Generate images from a text prompt with just one command!
Example: "a relaxed nice cat, full SD photo"
If you never heard about sd.cpp, please read at first about leejet's current sd.cpp . Also read about the sd.cpp commit this repository is built on.
Later sd.cpp (https://github.com/leejet/stable-diffusion.cpp) commits require a more up-to-date NVCC compiler, CUDA Toolkit 11+, and improved GPU capabilities, which the Jetson's NVIDIA Tegra X1 lacks. The highest CUDA version supported on the Jetson Nano is 10.2. The commit #e1384de (https://github.com/leejet/stable-diffusion.cpp/tree/e1384de) is the last in a long series of usable commits, and this fork is built on top. It can be easily compiled using the CUDA option out of the box on the Jetson Nano, no patches are needed. Many thanks for this excellent work! For detailed compilation instructions, see below.

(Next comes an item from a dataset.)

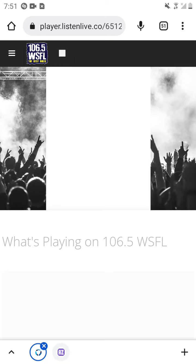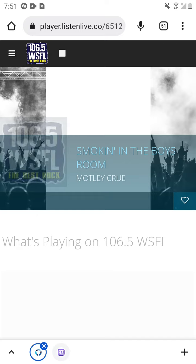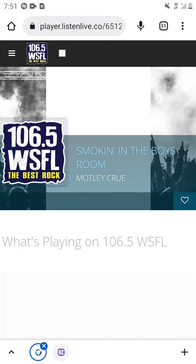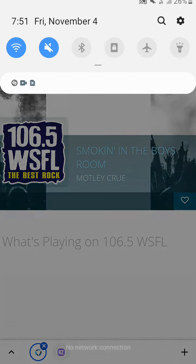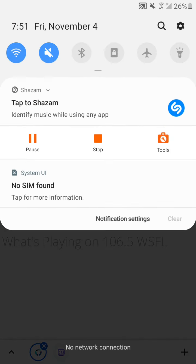You're never too old to play with blocks. This is fun. As long as they're the kind that rock. It's a block party weekend on 106.5 WSFL.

Many commits from the newer sd.cpp versions have been backported to this particular fork. Most of these commits concern the operation of SD1/2.x models and some tiny derivatives. Due to the limited shared memory in the Jetson Nano, the inpainting function and the features of more advanced models (SD3, Flux, Z-Image, etc.) could not be ported. However, this fork provides everything you need to get started with sd.cpp on the Jetson Nano. Some differences between the sd.cpp versions are:
| leejet master | leejet #e1384de | Jetson Nano | |
|---|---|---|---|
| Basic features | ✅ | ✅ | ✅ |
| LoRAs | ✅ | ✅ | ✅ |
| Embeddings | ✅ | ✅ | ✅ |
| Convert mode | ✅ | ✅ | ✅ |
| Photo maker | ✅ | ✅ | 🔴 |
| Control Net | ✅ | ✅ | 🔴 |
| IMG2IMG mode | ✅ | ✅ | 🔴 |
| advanced models | ✅ | 🔴 | 🔴 |
| Video support | ✅ | 🔴 | 🔴 |
| more samplers | ✅ | 🔴 | ✅ |
| more schedulers | ✅ | 🔴 | ✅ |
| JPG support | ✅ | 🔴 | ✅ |
| MMAP support | ✅ | 🔴 | ✅ |
| CPU rng | ✅ | 🔴 | ✅ |
| tiny U-Net models | ✅1 | 🔴 | ✅ |
You will need the following software installed, consider the installation of gcc and cmake might take several hours.
- Ubuntu 20.04 OS
- GCC and CXX (g++) 8.5
- cmake >= 3.2
- Nvidia CUDA Compiler nvcc 10.2
See here for some details on Jetson Nano environment
Build from scratch as follows:
mkdir build
cd build
cmake .. -DSD_CUDA=ON # old was: cmake .. -DSD_CUBLAS=ON
cmake --build . --config Release
Of course you will only run tiny models on this tiny device, see below.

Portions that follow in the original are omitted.